FAST has a limited utility in the detection of retroperitoneal fluid and small intraperitoneal fluid. The pelvic view is best used to detect small free intraperitoneal fluid with a median volume of detection at a minimum of 100 mL.58 For the detection of free fluid associated with grade I–II hepatosplenic injury, the sensitivity of FAST ranges from 55.6% to 80%, but this improves as the severity of injury increases.59 Therefore, CT scan should be performed if there is a high index of suspicion of injuries in trauma patients with a negative FAST examination.60 Follow-up FAST can be an alternative option if the physicians suspect a low-grade injury.
False-negative FAST may be influenced by the severity of both intra-abdominal and other injuries.

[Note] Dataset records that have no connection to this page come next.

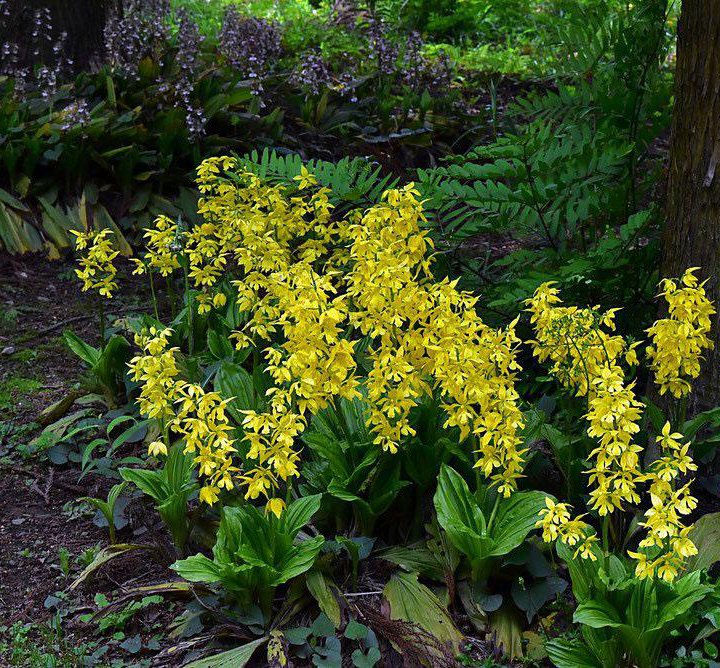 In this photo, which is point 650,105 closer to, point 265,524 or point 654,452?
point 654,452

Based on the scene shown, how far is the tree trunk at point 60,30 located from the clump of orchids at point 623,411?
18.7 feet

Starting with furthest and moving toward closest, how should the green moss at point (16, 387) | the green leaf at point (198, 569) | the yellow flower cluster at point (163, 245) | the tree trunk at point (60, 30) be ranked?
1. the tree trunk at point (60, 30)
2. the green moss at point (16, 387)
3. the yellow flower cluster at point (163, 245)
4. the green leaf at point (198, 569)

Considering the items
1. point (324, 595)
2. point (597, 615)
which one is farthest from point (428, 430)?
point (597, 615)

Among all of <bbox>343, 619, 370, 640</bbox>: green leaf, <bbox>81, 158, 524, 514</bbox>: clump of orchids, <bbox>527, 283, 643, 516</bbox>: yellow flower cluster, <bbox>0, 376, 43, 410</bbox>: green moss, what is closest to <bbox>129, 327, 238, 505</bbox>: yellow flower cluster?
<bbox>81, 158, 524, 514</bbox>: clump of orchids

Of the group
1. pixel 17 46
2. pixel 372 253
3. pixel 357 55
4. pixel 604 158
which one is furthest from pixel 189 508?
pixel 357 55

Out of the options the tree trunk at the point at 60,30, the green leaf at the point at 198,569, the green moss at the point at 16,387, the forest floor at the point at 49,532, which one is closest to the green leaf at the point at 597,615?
the green leaf at the point at 198,569

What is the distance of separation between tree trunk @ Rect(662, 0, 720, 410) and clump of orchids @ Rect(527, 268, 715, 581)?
39 centimetres

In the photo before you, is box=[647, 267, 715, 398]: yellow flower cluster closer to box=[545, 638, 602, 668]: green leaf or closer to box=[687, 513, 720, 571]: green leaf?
box=[687, 513, 720, 571]: green leaf

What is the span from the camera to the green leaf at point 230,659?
120 inches

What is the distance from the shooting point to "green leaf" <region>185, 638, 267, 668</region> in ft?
9.96

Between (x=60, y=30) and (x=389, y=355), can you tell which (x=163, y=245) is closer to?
(x=389, y=355)

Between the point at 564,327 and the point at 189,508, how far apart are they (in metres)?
1.77

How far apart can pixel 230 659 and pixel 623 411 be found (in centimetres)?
157

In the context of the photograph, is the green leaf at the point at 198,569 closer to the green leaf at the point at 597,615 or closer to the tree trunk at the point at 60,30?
the green leaf at the point at 597,615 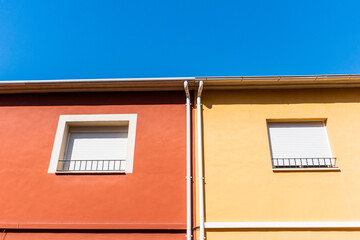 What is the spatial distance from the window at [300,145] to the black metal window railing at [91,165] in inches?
127

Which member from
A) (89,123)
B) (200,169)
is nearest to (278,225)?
(200,169)

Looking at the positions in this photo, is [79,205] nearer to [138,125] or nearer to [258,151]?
[138,125]

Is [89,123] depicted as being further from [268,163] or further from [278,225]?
[278,225]

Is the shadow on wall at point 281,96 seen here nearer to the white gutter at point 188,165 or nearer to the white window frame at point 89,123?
the white gutter at point 188,165

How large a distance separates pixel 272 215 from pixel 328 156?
1.76 metres

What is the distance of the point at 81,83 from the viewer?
19.8 feet

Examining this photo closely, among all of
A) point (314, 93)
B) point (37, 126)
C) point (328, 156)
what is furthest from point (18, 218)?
point (314, 93)

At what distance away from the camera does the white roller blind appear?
5.63m

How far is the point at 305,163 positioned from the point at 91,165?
174 inches

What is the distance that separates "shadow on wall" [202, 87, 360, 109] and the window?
1.74ft

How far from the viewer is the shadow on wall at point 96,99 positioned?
20.1 ft

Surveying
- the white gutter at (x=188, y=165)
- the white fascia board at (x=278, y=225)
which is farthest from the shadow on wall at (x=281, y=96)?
the white fascia board at (x=278, y=225)

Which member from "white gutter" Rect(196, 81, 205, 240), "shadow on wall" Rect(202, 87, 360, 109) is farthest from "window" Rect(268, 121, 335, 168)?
"white gutter" Rect(196, 81, 205, 240)

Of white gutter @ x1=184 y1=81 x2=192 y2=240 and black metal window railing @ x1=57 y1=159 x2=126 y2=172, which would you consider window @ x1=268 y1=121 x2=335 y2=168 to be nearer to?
white gutter @ x1=184 y1=81 x2=192 y2=240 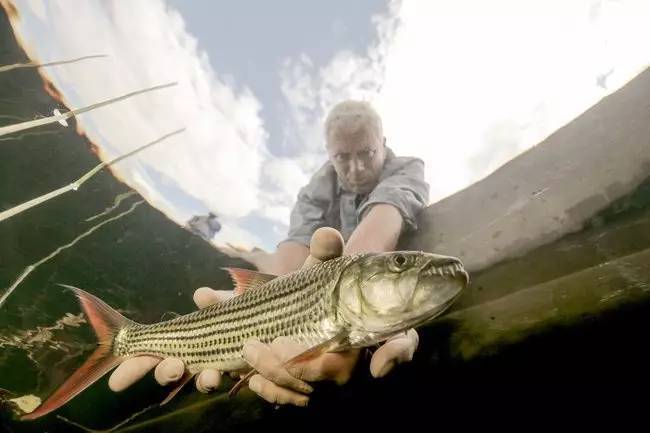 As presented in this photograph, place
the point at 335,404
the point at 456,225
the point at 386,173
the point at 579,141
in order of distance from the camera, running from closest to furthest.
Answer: the point at 335,404, the point at 579,141, the point at 456,225, the point at 386,173

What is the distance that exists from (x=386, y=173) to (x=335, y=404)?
2743mm

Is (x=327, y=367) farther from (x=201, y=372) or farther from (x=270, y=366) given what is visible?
(x=201, y=372)

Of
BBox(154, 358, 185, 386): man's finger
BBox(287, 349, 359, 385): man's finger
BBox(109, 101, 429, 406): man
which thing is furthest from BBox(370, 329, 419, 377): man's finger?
BBox(154, 358, 185, 386): man's finger

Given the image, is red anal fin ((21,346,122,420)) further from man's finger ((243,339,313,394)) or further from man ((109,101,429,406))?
man's finger ((243,339,313,394))

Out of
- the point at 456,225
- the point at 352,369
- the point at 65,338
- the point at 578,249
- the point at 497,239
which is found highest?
the point at 65,338

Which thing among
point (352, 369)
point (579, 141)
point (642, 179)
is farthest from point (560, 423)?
point (579, 141)

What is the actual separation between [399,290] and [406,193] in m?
1.97

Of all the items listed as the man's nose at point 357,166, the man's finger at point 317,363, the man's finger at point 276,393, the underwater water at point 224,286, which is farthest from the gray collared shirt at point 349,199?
the man's finger at point 276,393

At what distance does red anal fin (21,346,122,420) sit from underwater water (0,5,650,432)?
1197mm

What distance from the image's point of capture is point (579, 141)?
9.84 feet

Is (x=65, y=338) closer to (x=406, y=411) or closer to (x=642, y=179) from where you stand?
(x=406, y=411)

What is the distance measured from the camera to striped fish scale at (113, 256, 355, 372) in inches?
66.3

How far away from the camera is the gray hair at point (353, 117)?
12.5ft

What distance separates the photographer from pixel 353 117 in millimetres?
3857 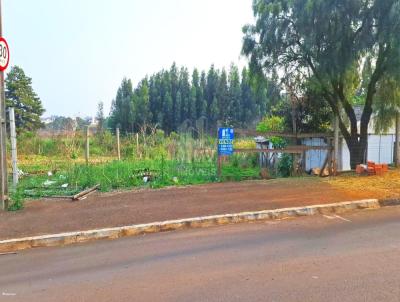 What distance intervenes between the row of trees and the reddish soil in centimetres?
5084

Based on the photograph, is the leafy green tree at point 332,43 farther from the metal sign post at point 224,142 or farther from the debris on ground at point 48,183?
the debris on ground at point 48,183

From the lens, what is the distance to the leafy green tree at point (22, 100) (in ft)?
140

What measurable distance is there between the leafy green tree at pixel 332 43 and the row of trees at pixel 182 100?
46864mm

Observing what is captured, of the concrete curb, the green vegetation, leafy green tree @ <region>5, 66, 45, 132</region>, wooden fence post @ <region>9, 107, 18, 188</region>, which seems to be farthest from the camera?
leafy green tree @ <region>5, 66, 45, 132</region>

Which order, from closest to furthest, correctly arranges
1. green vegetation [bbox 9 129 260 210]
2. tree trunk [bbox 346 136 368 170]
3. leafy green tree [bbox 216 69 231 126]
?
green vegetation [bbox 9 129 260 210]
tree trunk [bbox 346 136 368 170]
leafy green tree [bbox 216 69 231 126]

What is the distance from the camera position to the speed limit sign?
8.35 metres

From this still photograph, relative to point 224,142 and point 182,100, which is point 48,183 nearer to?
point 224,142

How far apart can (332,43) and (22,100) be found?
38968mm

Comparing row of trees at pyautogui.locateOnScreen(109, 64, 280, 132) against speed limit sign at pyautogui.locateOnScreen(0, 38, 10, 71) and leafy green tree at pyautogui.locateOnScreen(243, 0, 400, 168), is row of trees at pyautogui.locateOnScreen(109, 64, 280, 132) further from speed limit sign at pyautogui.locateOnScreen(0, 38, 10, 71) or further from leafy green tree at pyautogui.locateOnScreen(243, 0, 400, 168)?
speed limit sign at pyautogui.locateOnScreen(0, 38, 10, 71)

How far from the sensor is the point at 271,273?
476cm

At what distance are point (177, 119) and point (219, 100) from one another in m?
7.53

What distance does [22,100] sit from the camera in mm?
43438

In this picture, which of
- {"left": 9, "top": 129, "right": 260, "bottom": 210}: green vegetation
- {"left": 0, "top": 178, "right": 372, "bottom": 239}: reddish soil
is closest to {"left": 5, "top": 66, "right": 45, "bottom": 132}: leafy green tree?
{"left": 9, "top": 129, "right": 260, "bottom": 210}: green vegetation

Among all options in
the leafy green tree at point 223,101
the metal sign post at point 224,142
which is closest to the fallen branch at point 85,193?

Tayal et al and Gaarder et al demonstrated that minor solid organ injuries and severe head injuries were associated with the increase of false-negative FAST – albeit not the patient outcome.6,7 Their results are supported by a large retrospective cohort study that showed two independent factors – the presence of severe head injury and severe extremity injury – significantly associated with false-negative FAST examination with odds ratios of 4.90 and 1.86, respectively. Interestingly, abdominal organ injuries are not associated with false-negative FAST examination. There is no association between hospital length of stay, ICU length of stay, therapeutic laparotomy or mortality and false-negative FAST examination.61
E-FAST may overlook pneumothorax particularly at the areas around the lung apices and bases, which account for two-thirds of false-negative tests. About 30% of these pneumothoraces require intervention including drainage.62 Interpretation of volume assessment by the US of the IVC may be interfered by endotracheal intubation and several underlying cardiopulmonary conditions, such as pulmonary arterial hypertension, cardiac tamponade, tricuspid regurgitation and chronic obstructive pulmonary disease.25
FAST is an extremely useful diagnostic tool in triage and guidance in the diagnosis and management of trauma patients, both in- and out-of-hospital. It is an accepted standard in the ATLS protocol that physicians and specialized personnel caring of trauma patients should be adequately trained. Despite its good diagnostic performance and ease of performance, limitations of FAST exist in pediatric age group and those with high injury severity score. It also has some technical and interpretive challenges that physicians should be aware of.
The authors report no conflicts of interest in this work.